The Israel-Palestinian conflict is summed up thus: "In contrast to the Obama Administration—which allowed the passage of U.N. Security Council Resolution 2234 condemning Israel and added insult to injury with a blistering anti-Israel speech from Secretary of State John Kerry—the Trump Administration will be much more supportive of Israel at the U.N. and elsewhere. Trump should publicly underscore that the U.S. will veto any one-sided U.N. Security Council resolutions and assert that only direct bilateral negotiations, not the U.N., can produce a peace agreement.
"President Trump should also stress that Palestinian terrorist attacks, not Israeli settlements, are the chief obstacles to peace. Although the Administration has not taken an official position on settlements, it did release a statement saying that new settlements “may not be helpful” in achieving a peace agreement. A senior Administration official later told The Jerusalem Post that new settlements could undermine Trump’s plans to engineer a final status agreement.
"Trump has described an Israeli–Palestinian peace agreement as 'the ultimate deal,' but the situation is not ripe for such a deal. The Palestinian Authority is unwilling to make the necessary concessions and too weak to enforce any agreement in the face of Hamas’s implacable opposition to Israel."

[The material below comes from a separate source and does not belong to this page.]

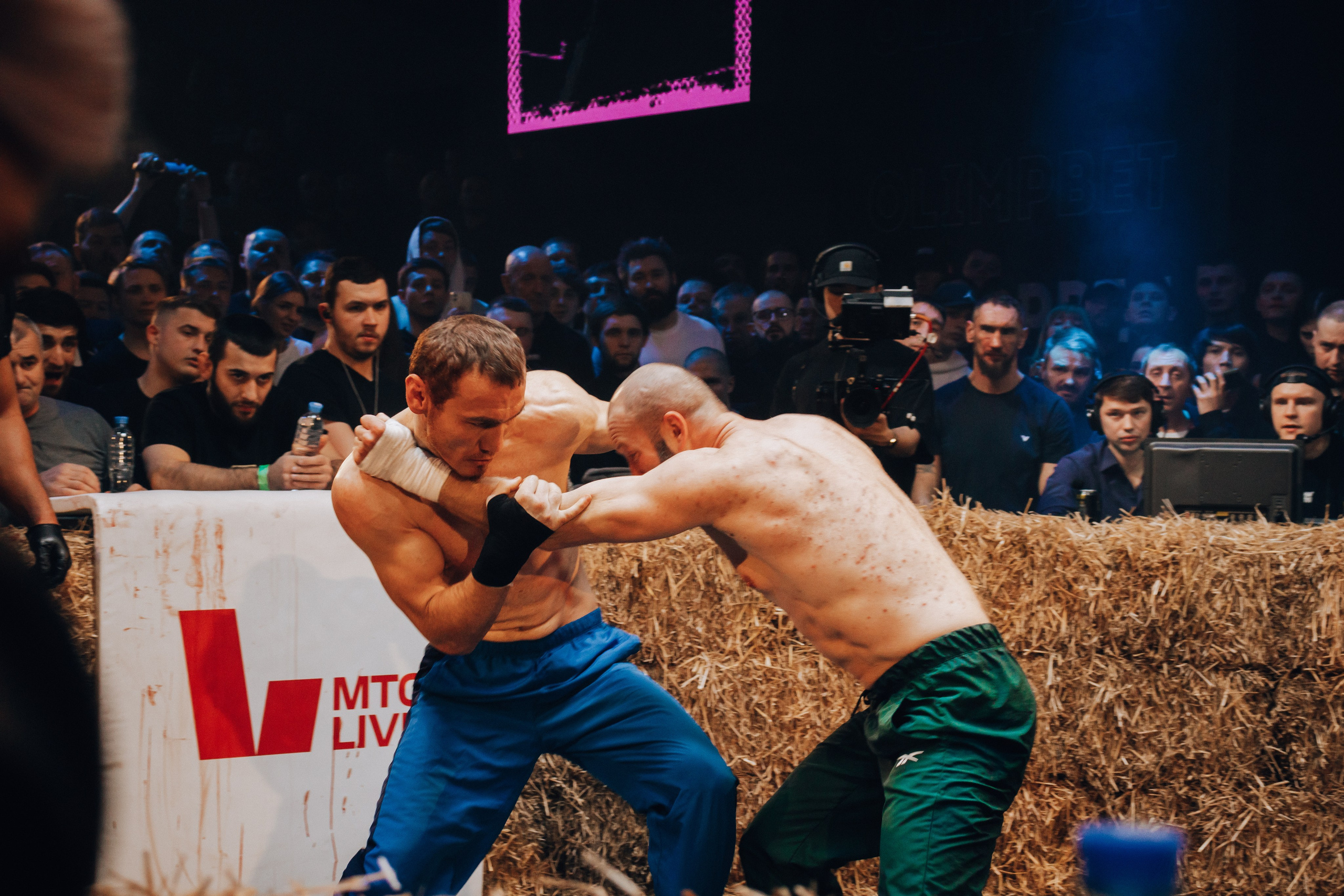 Кулачные бои TopDog. Анастасия Тен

Recommendations include: "The Administration should focus on managing rather than resolving the conflict, which is impossible for the immediate future. Trump should consult with Netanyahu about how to restore calm, undermine Hamas and other Islamist extremist groups, and create a more stable environment for future step-by-step negotiations." However, Phillips adds, "Refraining from establishing new settlements would be helpful in this context."
Regarding the embassy move, Heritage says, "President Trump’s commitment to move the U.S. embassy from Tel Aviv to Jerusalem would correct a historic anomaly: The United States has never recognized any part of Jerusalem as Israel’s capital. However, moving the embassy could ignite protests, riots, and anti-American backlashes among Palestinians, Arabs, and Muslims."

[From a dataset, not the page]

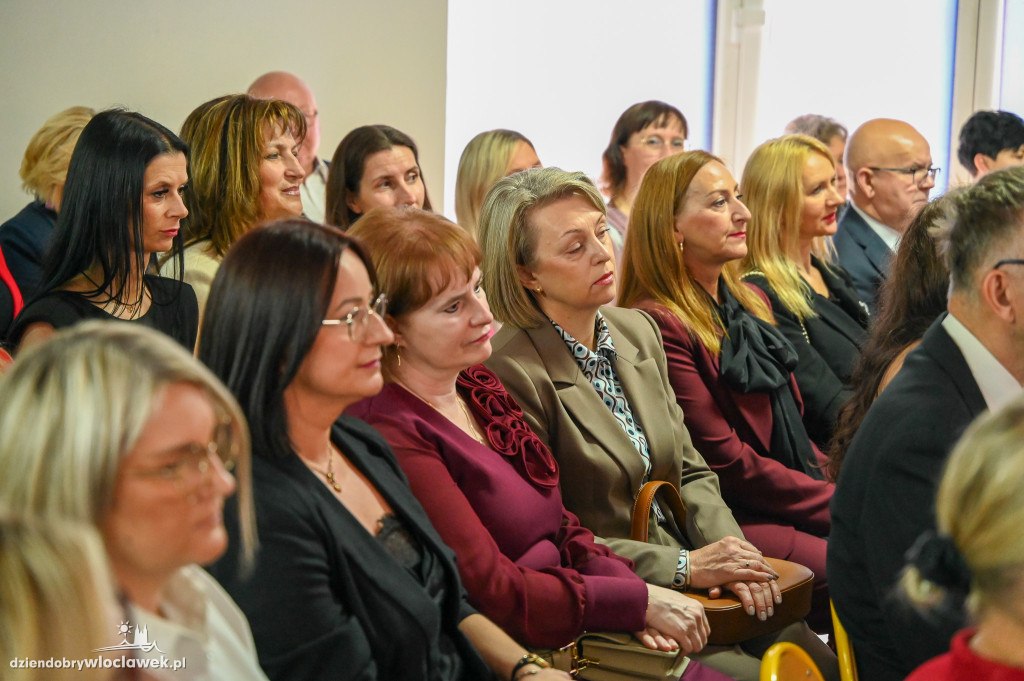 Nauczyciele i pracownicy szkół z wyróżnieniami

Therefore, Heritage recommends to "Ensure that certain standards are met before moving the U.S. embassy to Jerusalem. To mitigate the risks of the move, Trump should consult with Netanyahu on the timing; pick a site in West Jerusalem, which has been controlled by Israel since 1948; and explain that the move does not change other aspects of U.S. policy. The U.S. should make it clear that the borders and final status of Jerusalem should be determined through negotiations; that the embassy move would not preclude a Palestinian state; that the U.S. consulate-general in Jerusalem would continue to function as the U.S. representative to the Palestinian Authority; and that no changes would be made in the status of Muslim holy sites, which would continue to be administered by Jordan."
In conclusion, the Heritage report says that "Israel is America’s foremost ally in the Middle East. Both countries are democracies, value free-market economies, and uphold human rights at a time when many other countries in the Middle East reject those values." It says recent developments represent "a promising opportunity to reassert American leadership in the Middle East and strengthen U.S.–Israel strategic cooperation on foreign policy, defense, and counterterrorism issues."